Inevitabile, durante la presentazione di “Formiche”, il riferimento – molto pacato e tutt’altro che polemico – ai drammatici accadimenti dell’“ultimo sbarco” ovvero Cutro, anche alla luce del ritrovamento, proprio ieri, della settantunesima vittima, una creatura di 3 anni… Non è stato citato il Ministro dell’Interno Matteo Piantedosi, ma l’opera di Nicolosi dimostra – con i fatti, con una rappresentazione visiva onesta e oggettiva della realtà – quanto sia assurdo sostenere che i migranti che salgono sui barconi siano degli irresponsabili che debbono restare nelle loro disperate terre…
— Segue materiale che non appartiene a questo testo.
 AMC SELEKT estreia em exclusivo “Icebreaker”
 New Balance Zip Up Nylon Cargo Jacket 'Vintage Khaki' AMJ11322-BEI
Da notare – sia consentita l’annotazione antropologica – come la platea del Cinema Nuovo Aquila si caratterizzasse ieri sera, a livello di look prevalente, per giovane età degli spettatori e per un abbigliamento tipico dei “centri sociali” (“questi son tutti comunisti e anarchici”, avrebbe sentenziato un Salvini). Ma il film di Nicolosi può colpire al cuore, ben oltre l’audience potenziale di coloro che hanno già deciso “da che parte stare”…

Ci auguriamo che Rai voglia acquistare i diritti dell’opera e trasmetterla in prima serata: sarebbe sicuramente “servizio pubblico”.

Un estratto da “Furore” di Robert Steinbeck: “(…) E le imprese e le banche stavano scavandosi la fossa con le loro stesse mani, ma non se ne rendevano conto. I campi erano fecondi, e i contadini vagavano affamati sulle strade. I granai erano pieni, e i figli dei poveri crescevano rachitici, con il corpo cosparso di pustole di pellagra. Le grosse imprese non capivano che il confine tra fame e rabbia è un confine sottile. E i soldi che potevano servire per le paghe servivano per fucili e gas, per spie e liste nere, per addestrare e reprimere. Sulle grandi arterie gli uomini sciamavano come formiche, in cerca di lavoro, in cerca di cibo. E la rabbia cominciò a fermentare (…)” (edito da Bompiani Rcs Libri)

(*) Angelo Zaccone Teodosi è Presidente dell’Istituto italiano per l’Industria Culturale (www.isicult.it) e curatore della rubrica IsICult “ilprincipenudo” per “Key4biz.